Skip to main content.
home | support | download

Back to List Archive

Large Merge Consuming too many resources

From: Tac <tac(at)>
Date: Mon Aug 30 2004 - 11:17:04 GMT
We've been running the indexing process on our production server (because
it's fast, same box as the database, etc.), but at times it consumes so many
resources it can bring our site temporarily down.  I'm trying to figure out
a way to let other processes have some time slices.  Two questions:
(1) Does swish-e index a record coming in via -S prog as it gets the record,
or does it wait until all records have been retrieved?  If it indexes at as
it gets it, I can add a sleep() command every few thousand records.
(2) The major problem is not during the individual collection indexing, but
during the 150+ index merge.  (Merging them all into 1 makes searches
against all the collections MUCH faster).  I don't think the bottleneck is
CPU, I think it's disk access, or maybe something else (file handles?).
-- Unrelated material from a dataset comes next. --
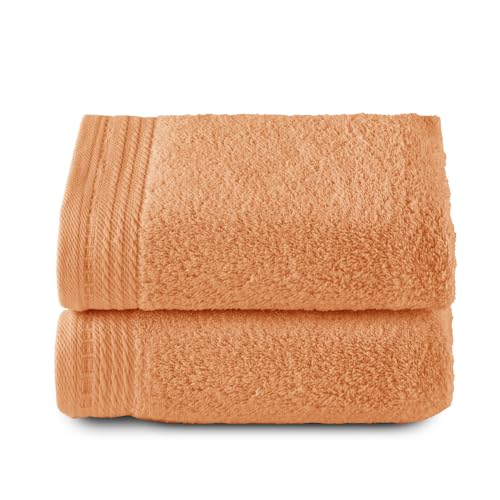 RIZO Top Towel - Set of 2 Hand Towels - Bath Towels - 100% Combed Cotton - 600 g/m2 - Measure 100 x 50 cm - Papaya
But
it's so intensive that even the MySQL box on that same quad-processor
machine locks up threads, unable to process any queries.   Any ideas for how
to get around this?  We're looking at moving the indexing to another  box,
but that requires getting the data from across the network, indexing and
merging, then ftp'ing the indices back, which seems like a lot of work.  If
there's a way to not have swish-e consume all the resources it'd be much
easier to keep it where it is.

Due to deletion of content types excluded from this list by policy,
this multipart message was reduced to a single part, and from there
to a plain text message.
Received on Mon Aug 30 04:17:34 2004